As an IP vendor, ARM is aiming to provide highly optimized integrated solutions, and memory controllers are consequently part of such designs. ARM previously offered the DMC-520 with DDR4 support but this memory controller was aimed at more complex enterprise designs employing AMBA 5 system IP such as ARM’s CCN (Cache Coherent Network). The DMC-500 announced today on the other hand is ARM’s first mobile-targeted memory controller with support for the new LPDDR4 memory standard. Aimed for AMBA 4 system IPs such as the CCI family, this is the memory controller IP we’ll most likely see adopted by vendors in consumer devices such as smartphones.

The DMC-500 promises support for LPDDR4 up to 2133MHz while still maintaining LPDDR3 compatibility.

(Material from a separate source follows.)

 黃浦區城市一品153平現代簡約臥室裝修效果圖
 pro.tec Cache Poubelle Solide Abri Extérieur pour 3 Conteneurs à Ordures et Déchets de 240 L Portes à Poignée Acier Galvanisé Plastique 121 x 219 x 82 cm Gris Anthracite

This is an important differentiation factor as in doing so ARM is able to offer maximum flexibility in terms of choice of implementation for vendors. Performance wise, ARM promises up to 27% increase in memory bandwidth utilization in a low power design.

All in all today’s announcements provide some solid improvements in ARM’s IP portfolio. On the memory controller side I’m not certain what the rate of adoption ARM’s DMC’s is; as far as I know the main “heavyweight” SoC vendors currently chose to employ their own memory controller IP. Those who don’t have their own IP and instead use ARM’s designs are often hard to single out as many times the choice of memory controller is completely invisible to the system.

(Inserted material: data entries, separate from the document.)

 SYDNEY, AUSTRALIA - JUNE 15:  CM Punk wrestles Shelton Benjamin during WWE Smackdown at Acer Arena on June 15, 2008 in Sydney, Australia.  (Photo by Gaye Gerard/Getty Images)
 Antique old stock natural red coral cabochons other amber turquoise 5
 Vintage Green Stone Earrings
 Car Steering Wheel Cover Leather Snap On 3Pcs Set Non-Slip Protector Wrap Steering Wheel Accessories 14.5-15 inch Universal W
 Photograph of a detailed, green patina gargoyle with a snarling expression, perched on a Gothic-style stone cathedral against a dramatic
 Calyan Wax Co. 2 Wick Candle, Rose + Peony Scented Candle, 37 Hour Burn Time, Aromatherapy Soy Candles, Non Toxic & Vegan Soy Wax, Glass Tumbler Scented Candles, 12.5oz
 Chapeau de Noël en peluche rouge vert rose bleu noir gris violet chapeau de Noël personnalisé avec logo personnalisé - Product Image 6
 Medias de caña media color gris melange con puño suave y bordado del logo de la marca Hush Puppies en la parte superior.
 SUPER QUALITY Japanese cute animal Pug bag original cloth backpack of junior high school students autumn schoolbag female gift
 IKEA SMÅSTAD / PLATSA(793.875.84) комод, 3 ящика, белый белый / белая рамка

On the interconnect side I predict that we’ll be seeing a lot more discussions and developments from third-party vendors. Even among today’s higher-profile big.LITTLE SoCs I’m only aware of LG’s Odin to use ARM’s CCI as a “center-piece” in their SoC fabric while other vendors such as Samsung chose to implement it alongside their own interconnect fabric. Vendors who have the resources and design talent may also chose to implement cache coherency into their own interconnect IP. They would thus be able deploy big.LITTLE systems or other similar fully coherent SoCs without ARM’s CCI IP. For example, MediaTek is among the first to do exactly this in the Helio X20 with help of the in-house designed MCSI. Next year we should be seeing new big.LITTLE SoCs equipped with both ARM’s IP such as the CCI-500 or 550 alongside third-party IP, creating a new differentiation point for SoC vendors that will undoubtedly make competitive landscape much more interesting.